Navigation sous haute tension dans le détroit d’Ormuz
La situation demeure extrêmement volatile dans le détroit d’Ormuz, axe vital du commerce mondial de l’énergie reliant le golfe Persique à la mer d’Oman. Selon l’Organisation maritime internationale (OMI), plusieurs attaques récentes visant des navires commerciaux ont été signalées à proximité de l’Iran, des Émirats arabes unis et d’Oman.
Un pétrolier aurait notamment été touché par des projectiles non identifiés au nord de Fujairah, tandis qu’un vraquier aurait essuyé une attaque de petites embarcations armées. Depuis fin février, au moins 41 incidents maritimes ont été recensés dans la zone, accentuant les craintes pour la sécurité de la navigation et des équipages.
L’OMI exhorte les navires à observer une « prudence maximale », rappelant que près de 800 bâtiments commerciaux et environ 20.000 marins pourraient être directement exposés en cas d’aggravation du conflit. L’agence onusienne prévient que les escortes navales, bien qu’utiles à court terme, ne sauraient constituer une solution durable sans un accord politique de long terme.
Dans ce contexte, les déclarations contradictoires entre Téhéran et les États-Unis nourrissent l’incertitude. Alors que l’Iran affirme avoir empêché un navire de guerre américain d’entrer dans le détroit, Washington dément. Le président américain Donald Trump a néanmoins annoncé une aide pour faciliter la sortie de navires bloqués depuis plusieurs mois.
Sud-Liban : un cessez-le-feu fragile
Parallèlement, au Liban, la situation sécuritaire reste alarmante. Les Casques bleus de la Force intérimaire des Nations Unies au Liban (FINUL) ont observé une intensification des frappes aériennes israéliennes près de plusieurs villages du sud, ainsi que des activités navales au large de Naqoura.
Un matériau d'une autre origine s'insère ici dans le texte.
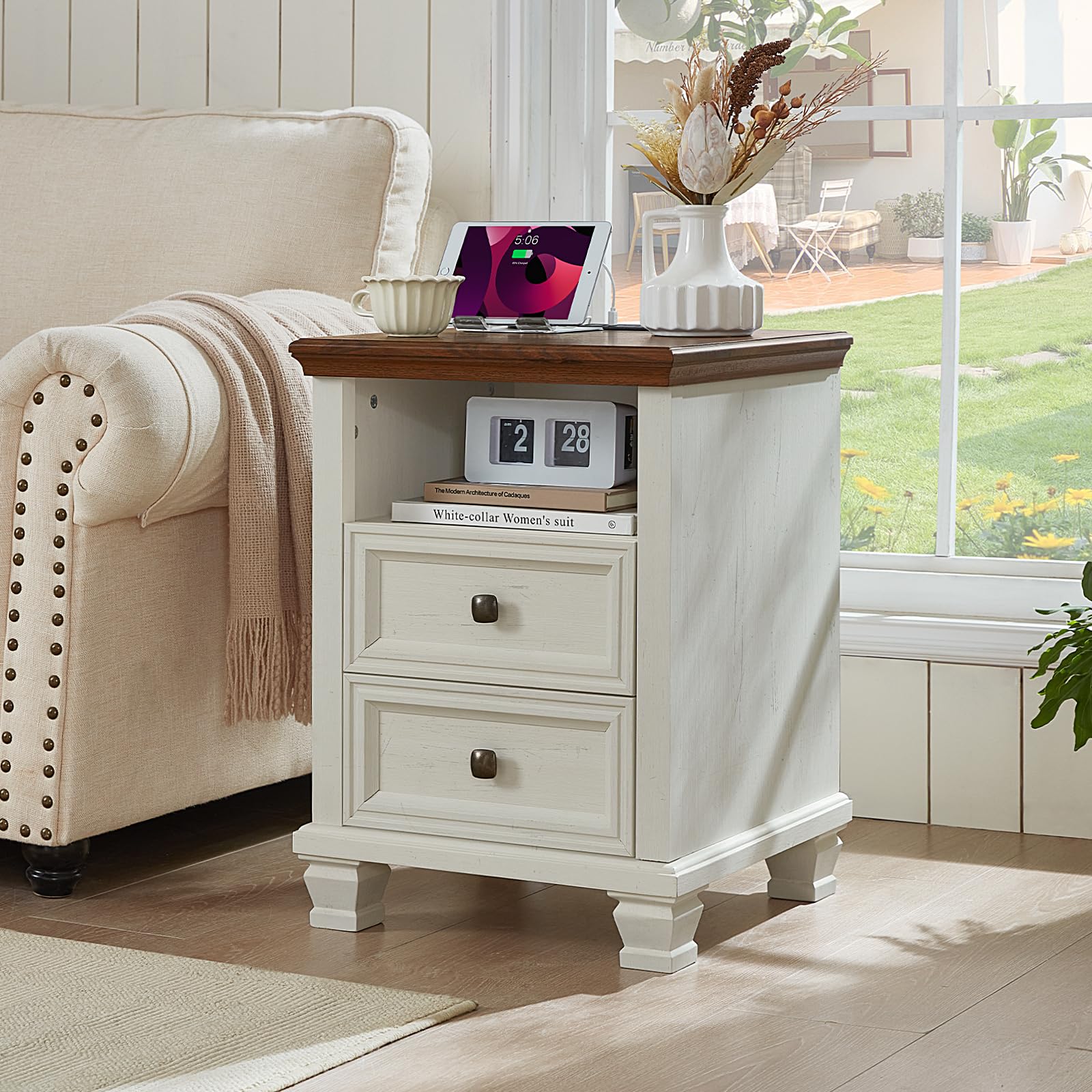 Farmhouse Side Table with Charging Station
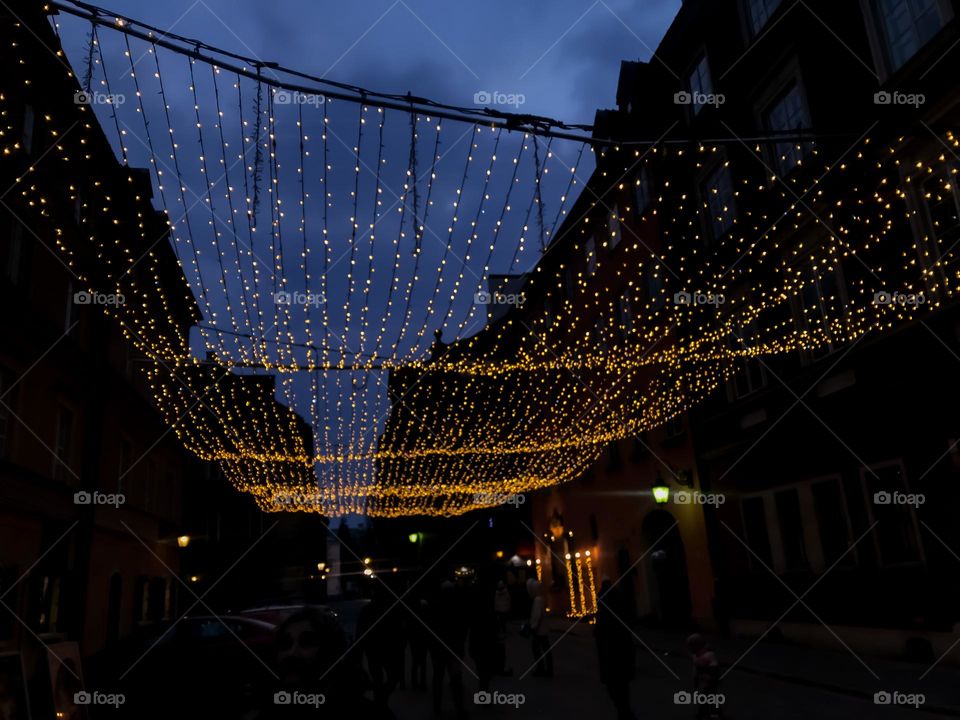 Warsaw street with lamps installation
Lors d’un point de presse à New York, le porte-parole du Secrétaire général de l’ONU, Stéphane Dujarric, a également signalé des activités de drones dans la zone d’opérations de la FINUL, certains étant attribués au Hezbollah. Des incidents impliquant des tirs israéliens ayant touché des positions onusiennes ont été rapportés, suscitant une vive inquiétude quant à la sécurité des Casques bleus.
Une crise humanitaire persistante
La détérioration sécuritaire aggrave une situation humanitaire déjà critique. Les frappes ont fait, selon les autorités libanaises, au moins 13 morts et des dizaines de blessés. De nouveaux ordres d’évacuation ont été émis dans plusieurs localités de la région de Nabatieh, provoquant des déplacements répétés de populations civiles.
Le système de santé libanais, fragilisé par des années de crise, est mis à rude épreuve. De nombreux hôpitaux et centres de santé demeurent hors service, tandis que les pénuries de médicaments essentiels exposent les patients les plus vulnérables à des risques immédiats.
Face à ces développements, l’ONU réitère son appel à la retenue, au respect du droit international humanitaire et à la protection des civils et du personnel onusien. Dans un environnement régional sous haute tension, l’organisation insiste sur l’urgence d’une désescalade politique et sécuritaire afin d’éviter une crise aux conséquences régionales et mondiales.